For each entry below, please return its exact wording and leave out any picture.

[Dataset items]
------------------------------

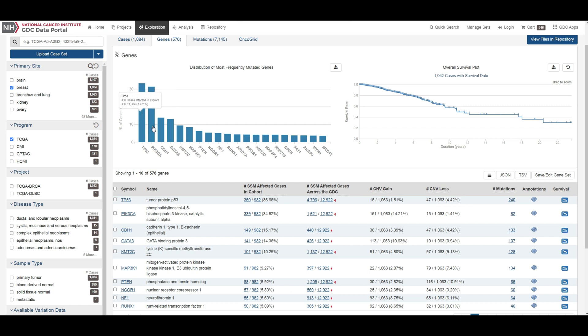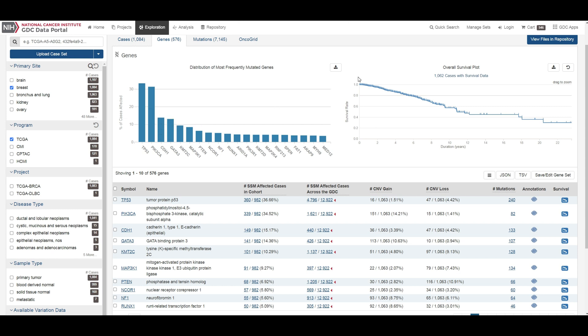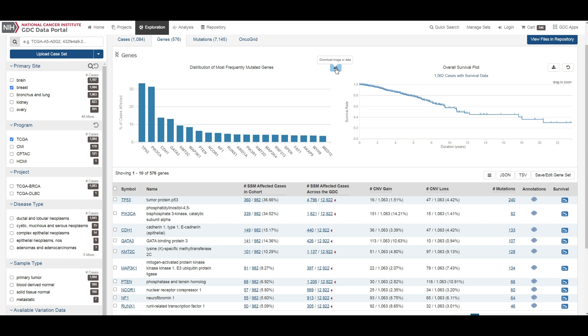Hovering over each bar in the plot will display information about the percentage of cases affected. In addition, this section contains a survival curve. The survival curve is calculated using the Kaplan-Meier estimator based on all cases with survival data within the specified exploration page search. Users may choose to download the underlying data in JSON or TSV format, or an image of the graph in SVG or PNG format by clicking the download icon at the top of each graph.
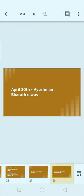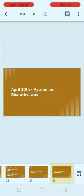Also, April 13th: Ayushman Bharat Divas. This is very important. April 13th is celebrated as Ayushman Bharat Divas.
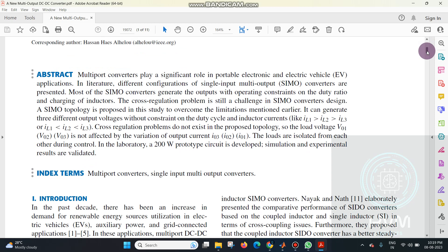To address this type of design issue, we are using our proposed topology. The single input and multi-output design should be re-modified. The old conventional design used a basic concept, but that basic concept is replaced with an advanced design, giving us many advantages compared to the existing system.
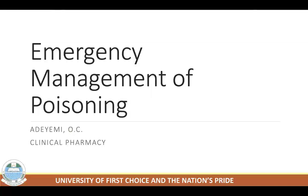Hello, good day. Welcome to this class. We'll be talking about emergency management of poison.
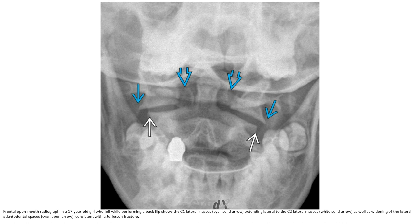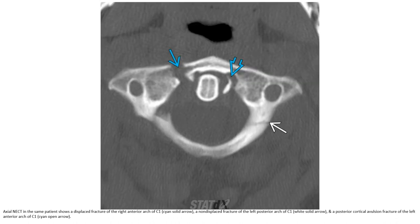This is a frontal open-mouth radiograph in a 17-year-old girl who fell while performing a backflip, showing the C1 lateral mass extending lateral to the C2 lateral mass, as well as widening of the lateral atlanto-dental space, consistent with Jefferson's fracture. Non-contrast CT in the same patient shows a displaced fracture of the right anterior arch of C1, a non-displaced fracture of the left posterior arch of C1, and a posterior cortical avulsion fracture of the left anterior arch of C1.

------------------------------

**Answer to this problem**
Hovering over each bar in the plot will display information about the percentage of cases affected. In addition, this section contains a survival curve. The survival curve is calculated using the Kaplan-Meier estimator based on all cases with survival data within the specified exploration page search. Users may choose to download the underlying data in JSON or TSV format, or an image of the graph in SVG or PNG format by clicking the download icon at the top of each graph.
Also, April 13th: Ayushman Bharat Divas. This is very important. April 13th is celebrated as Ayushman Bharat Divas.
To address this type of design issue, we are using our proposed topology. The single input and multi-output design should be re-modified. The old conventional design used a basic concept, but that basic concept is replaced with an advanced design, giving us many advantages compared to the existing system.
Hello, good day. Welcome to this class. We'll be talking about emergency management of poison.
This is a frontal open-mouth radiograph in a 17-year-old girl who fell while performing a backflip, showing the C1 lateral mass extending lateral to the C2 lateral mass, as well as widening of the lateral atlanto-dental space, consistent with Jefferson's fracture. Non-contrast CT in the same patient shows a displaced fracture of the right anterior arch of C1, a non-displaced fracture of the left posterior arch of C1, and a posterior cortical avulsion fracture of the left anterior arch of C1.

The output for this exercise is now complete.